A problem using "preupgrade" and how I solved it
I just ran preupgrade on my F13 system, and discovered a hole in the logic coded in anaconda to discover the location of the "old" system so it can be mounted and a chroot done before the new rpm files are installed.
The problem I had was that, on my system, /boot is on /dev/sdb2 and I have several (old) backup copies of system directories on /dev/sdb1/ while my "real" F13 installation is on /dev/sda7.

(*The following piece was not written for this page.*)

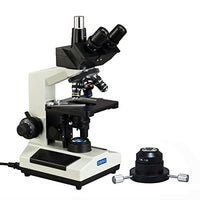 OMAX 40X-2500X Brighter Darkfield Trinocular Compound Microscope with Replaceable LED Light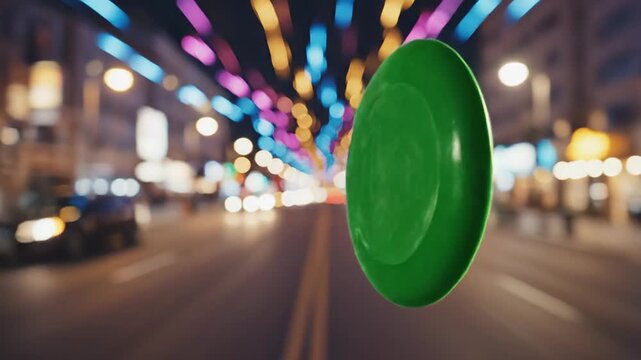 Vibrant Green Flying Disc Over Blurred City Street with Dynamic Colorful Bokeh Lights at Night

preupdate ran fine, creating the /boot/update/ directory and the various rpm files in /var/yum, but, when I rebooted to start the installation, anaconda found the old backup stuff in /dev/sdb1 and "decided" that sdb1 was the location of the installation to be converted to F14. Fortunately, the first thing that the program tried to do was run a backup copy of /etc/fstab made for a different computer. This caused the update to abort, and me to scratch my head about an abort message caused by the system looking for a drive on a different computer. After a few hours digging through the stuff in the /boot/update directory, I finally realized what the problem was, and renamed all the backup stuff in sdb1 to have non-standard names.
When I did that, and rebooted, the preupdate process finished with only a few minor problems with obvious solutions. (Actually, the "minor" problem was that the /dev/sdb2 contents were erased during the cleanup, so the system was unbootable from that location until I restored it. But I normally use the Ubuntu GRUB 2 boot loader for all the distribution on the laptop, so that wasn't too much of a problem. I, of course, keep the old GRUB boot directory in the Fedora file system so kernel updates won't kill my "real" GRUB boot stuff.)